What is a sandwich and other questions.

Some time back - about 50 years more or less - there was a controversy in the airline industry over the definition of a sandwich. Coach class flights did not serve complete meals. They served sandwiches. Scandinavian Airlines (SAS) came under attack for serving gorgeous, artfully arranged and delicious open faced sandwiches on their coach flights. I know. I flew SAS on vacation to Europe in 1959 and was treated to these gourmet creations. When other competing airlines protested that they weren't playing fair, SAS responded, "We are only serving sandwiches, after all."

You see in those days of government regulated airlines, they competed for passengers by trying to outdo one another with great passenger service. What a concept!

I am reminded of this because of another controversy playing out in the current Northwest - Delta saga. Definition is again a key word. What defines "corporate headquarters?"

It seems that loan covenenants between NWA and the Metropolitan Airports Commission (MAC) require that NWA retain its headquarters and hub in the Twin Cities and maintain certain employment levels in Minnesota. In response to reports that corporate headquarters of the merged airline would be located in Atlanta, the MAC has lots of questions. Chairman Jack Lanners says that the MAC holds "leverage points" over Delta and Northwest, and it could require a merged Delta to immediately pay off $230 million in bond debt when Northwest's Eagan headquarters closes. Under the agreement, NWA has until 2022 to pay off the debt. Northwest CEO Doug Steenland and Delta CEO Richard Anderson claim that the vast majority of Minnesota jobs would be preserved after a merger. Anderson testified before the Senate Commerce Committee that Delta would keep pilot and flight attendant bases in the Twin Cities, reservations centers in Chisholm and the Twin Cities, a cargo facility at Minneapolis-St Paul International Airport, a pilot training facility, a data center in Eagan and other front-line workers needed to operate the hub.

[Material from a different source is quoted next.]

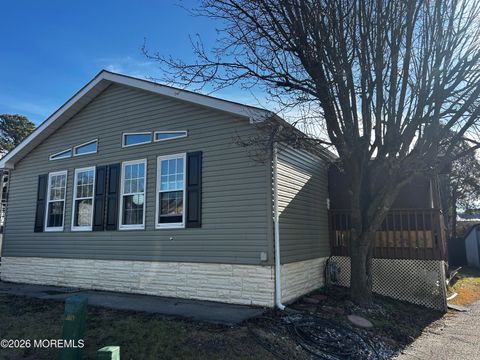 Photo of 83 Seattle Slew Drive, Howell, NJ 07731 (MLS # 22601470)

Do those combined operations constitute corporate headquarters? Or do the offices of executive leadership constitute corporate headquarters? What constitutes a hub?

In May, NWA CEO Steenland said that the merged airline would be prepared to pay off the MAC bonds, but that executives want to renegotiate the terms of the loan with the MAC. Stay tuned. This could get interesting.

As for me, I'm thinking about those tasty open faced sandwiches I enjoyed on SAS. Which raises another question . . . is a regular sandwich a closed face sandwich? Just wondering.